Un moratoire est nécessaire

Tribune parue dans le n°86 d’Initiatives.

La directive Seveso, du nom de la catastrophe qui eut lieu en Italie, est une directive européenne qui oblige les États à identifier les sites industriels présentant des risques d’accident majeurs. L’objectif premier devrait consister à réduire le danger de l’activité à la source. Il y a plus de 1200 sites Seveso en France. C’est un sujet que je connais particulièrement bien, puisqu’à Saint-Pierre-des-Corps, la ville dont je suis maire, trois sites Seveso sont soumis à des Plans de Prévention de Risques Technologiques (Primagaz, et deux dépôts de stockage, remplissage, et distribution d’hydrocarbures.) Deux questions essentielles se posent, les études de danger, de la seule compétence des industriels et de l’Etat, et le financement des travaux sur les habitations, à la charge des habitants et des communes.

L’État et l’industriel s’accordent pour la mise en œuvre de l’étude de danger. L’expert est choisi par l’entreprise qui doit chercher à empêcher l’accident éventuel en modifiant les process de production, son organisation, en mettant en place des mesures de sécurisation de l’outil industriel. Cette recherche de la réduction de danger à la source trouvera sa limite dans ce que le texte appelle « l’économiquement acceptable ». De ces préconisations plus ou moins importantes dépendront celles sur les habitations du voisinage. Plus les risques à la source seront atténués plus les travaux des particuliers seront faibles et vice versa. Pourquoi ne donnons-nous pas les moyens aux habitants et aux élus de désigner de leur côté un expert indépendant qui pourrait aider à mieux comprendre les propositions et surtout à faire des contre-propositions utiles à tous ? Les habitants pris isolément pas plus que les élus n’ont la connaissance suffisante pour apprécier les éléments très techniques des préconisations proposées.

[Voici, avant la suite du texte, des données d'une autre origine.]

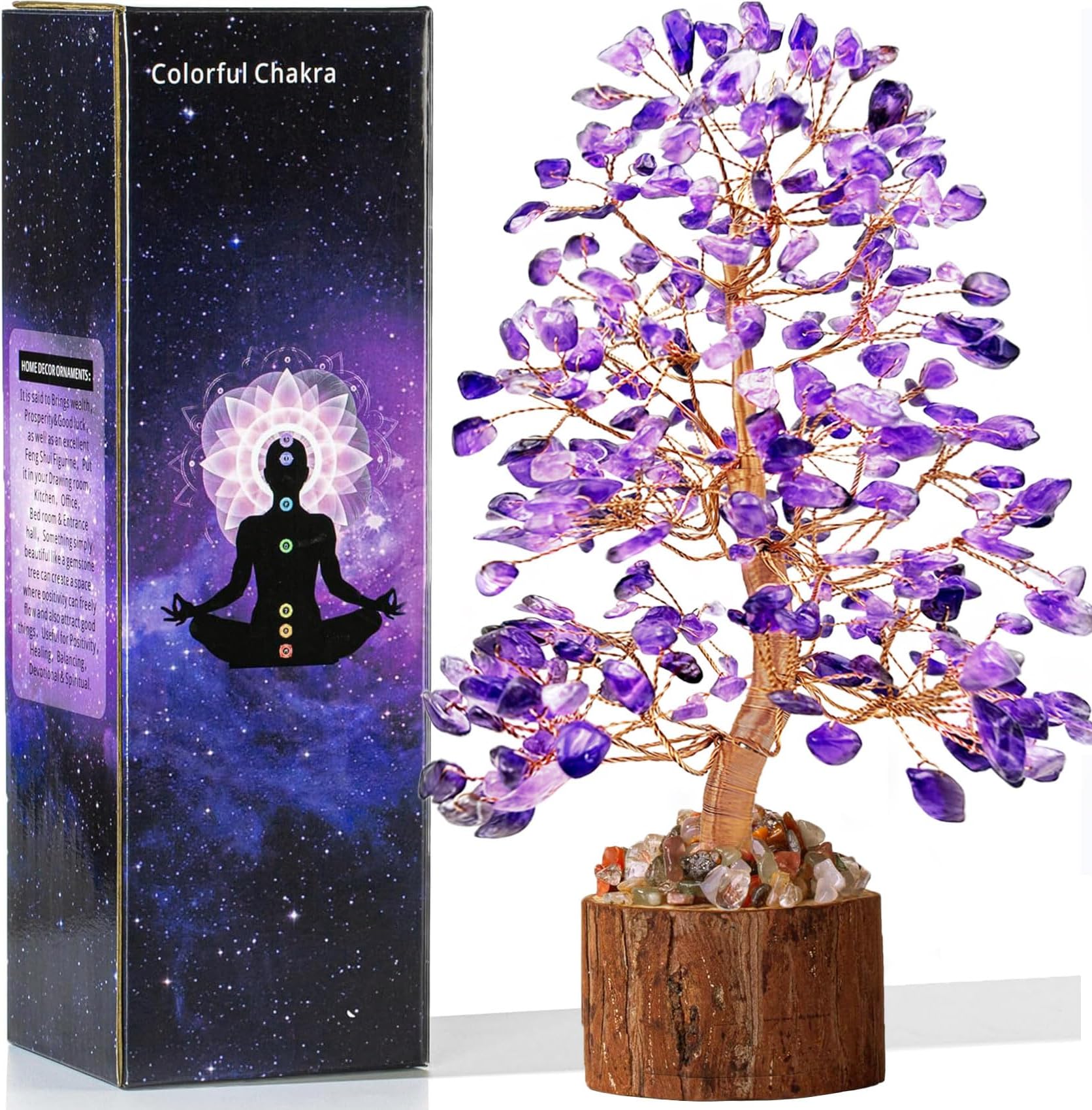 Amethyst Crystal Healing Chakra Tree of Life, Sister Women Mom Birthday Gifts Positive Energy & Good Luck, Bonsai Gem Stone Feng Shui Money Tree House Home Office Room Desk Spiritual Decor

Comment imaginer que les habitants, les premiers concernés par ces choix, soient absents de ce processus, alors que des décisions importantes en termes de travaux sur le site industriel auront des conséquences financières pour les habitants eux-mêmes ? L’expropriation ou le délaissement pouvant être la conséquence extrême d’une décision de dépense à minima. Rien dans les textes législatifs ou réglementaires n’impose de règles contraignantes pour limiter le risque à la source. Les PPRT imposent de façon unilatérale des travaux de sécurisation, d’isolation sur les habitations. Ils touchent bien souvent des ménages modestes, des retraités.

Les expropriations provoquent des bouleversements dans les vies familiales. Les familles n’ont qu’à exécuter des obligations fixées par l’industriel après le scénario fixé par la Direction régionale de l’environnement, de l’aménagement et du logement. Certes, le financement peut éventuellement peser sur les comptes de l’entreprise si les travaux sont importants. Pour prévenir des catastrophes naturelles, des cotisations supplémentaires sont prévues pour prendre en charge les frais occasionnés par les conséquences des dites catastrophes. Pourquoi ne pas imaginer un système similaire pour le financement des préventions des catastrophes technologiques ou créer un fonds de solidarité auquel participeraient les entreprises ?

De tels travaux sur les habitations ou des expropriations ne peuvent être supportés financièrement par les communes. Cela semble totalement incohérent et ce d’autant plus pour les permis de construire accordés avant 1983 qui relevaient de la seule décision de l’État. Les habitants qui, de leurs côtés, ont construit alors qu’ils en avaient l’autorisation, ne doivent pas plus, être pénalisés. Quant à la proposition d’un plafond de 20 000 euros préconisé par la loi, cela semble en règle général très en dessous des besoins et laisse donc à la charge des familles des sommes trop importantes à régler ou des travaux insuffisants pour assurer la sécurité. Il est indispensable aujourd’hui de remettre à plat la loi afin d’optimiser la sécurité de tous et de redéfinir les responsabilités et de clarifier durablement la question du financement.

Nous demandons donc avec notre groupe un moratoire pour la mise en œuvre des PPRT issus de la loi N° 2003-699 du 30 juillet 2003 relative à la prévention des risques technologiques et à la réparation des dommages et des lois subséquentes, jusqu’au 1er septembre 2014 afin de procéder à une nouvelle concertation avec les acteurs concernés.